From a report (click here) in Norte Digital, by Herika Martinez Prado, one of the better security reporters in Juarez:
Late at night in Col. Valle de Santiago, a family returning home from an outing surprised a burgler inside their home. The burgler, Antonio Giner, 26, was taken outside by the owner, who began beating him. Neighbors wanted to kill him, and some suggested burning him (this has happened before, scroll down to last paragraph in my October 5 post), but instead he was turned over to the police. Martinez did an excellent job of interviewing people at the scene:
Note: in Mexico the term "linchar" (deriving from the English "lynching") refers to cases where neighbors kill a delinquent caught in the act: it does not suggest the use of a rope, as it does in American English. Newspapers in Mexico, for example, used the term to describe what happened to the two kidnappers in Ascencion two weeks ago, and to the death of the man at the barbecue stand yesterday. I will re-adopt the term in English, dropping the "y," hoping readers will understand the term's current usage in Spanish.

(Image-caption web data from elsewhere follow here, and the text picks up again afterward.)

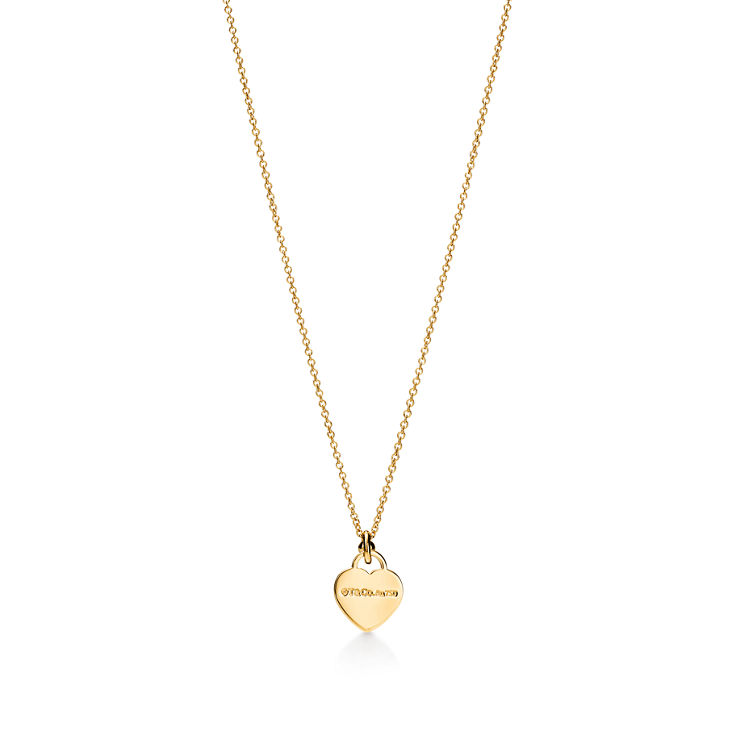 Return to Tiffany™:Mini Heart Tag Pendant in Yellow Gold with a Diamond image number 4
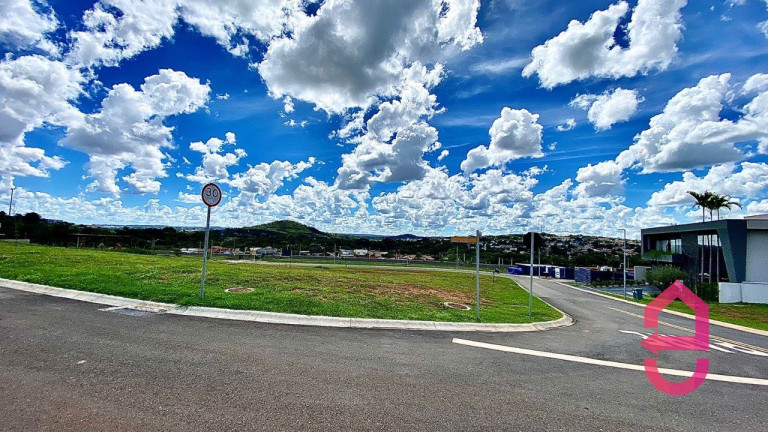 Imagem Terreno à Venda, 810 m² em Residencial Aruanã - Goiânia Imagem Terreno à Venda, 810 m² em Residencial Aruanã - Goiânia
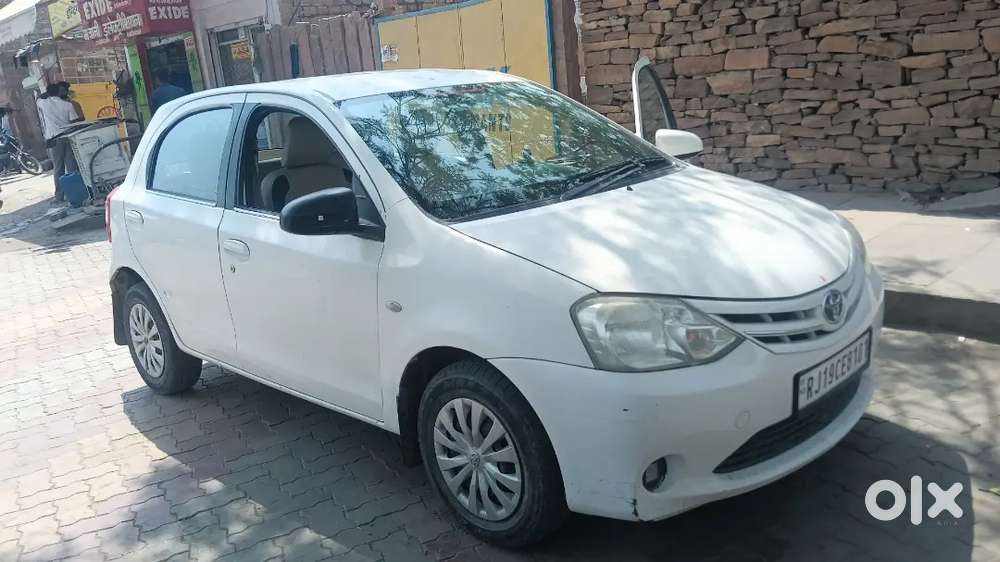 Toyota Etios Liva 2014 Diesel 245000 Km Driven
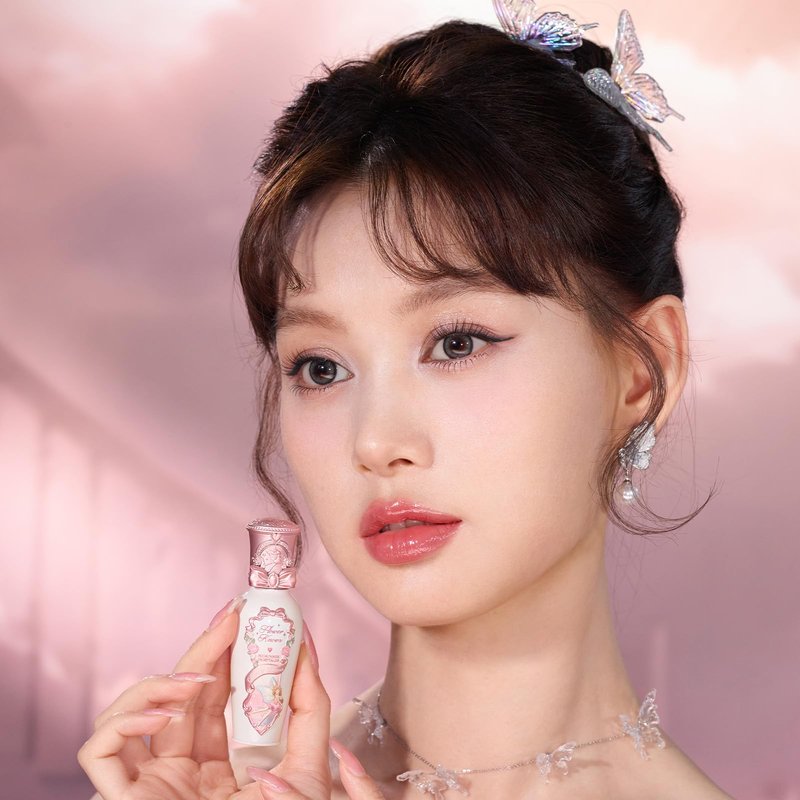 Flower Knows Midsummer Fairytales Coating Lip Lacquer,Glowy Non-Fading Lip Gloss,Hydrating Tinted Lip Oil for Girls&Women,Vegan & Cruelty Free,0.17Fl Oz(G06 Bluebell)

"...neighobors wanted to linch him, just like Ascencion, but it scares you because of your family that there might be reprisals and the police are not helping us for anything," said a neighbor.
Other neighbors complained that burglary has escalated in the last few weeks, especially of car batteries and residential break-ins.
A pointed comment by Martinez in her report: "the linching was prevented not by the presence of police but by the presence of reporters..."
"Sometimes the police don't even come. Last Tuesday they came but only because they were called in by newspaper reporters, but if you talk to them they practically ignore you. You call 066 and the lady who answers is rude to you sometimes even treating you worse than the criminal."
"Sometimes you even want to buy a gun, but for someone who is not in organized crime it is very difficult, but without one, imagine if a thief is here with me and my family, and what can I do, nothing, just say "come in?" and the police don't help."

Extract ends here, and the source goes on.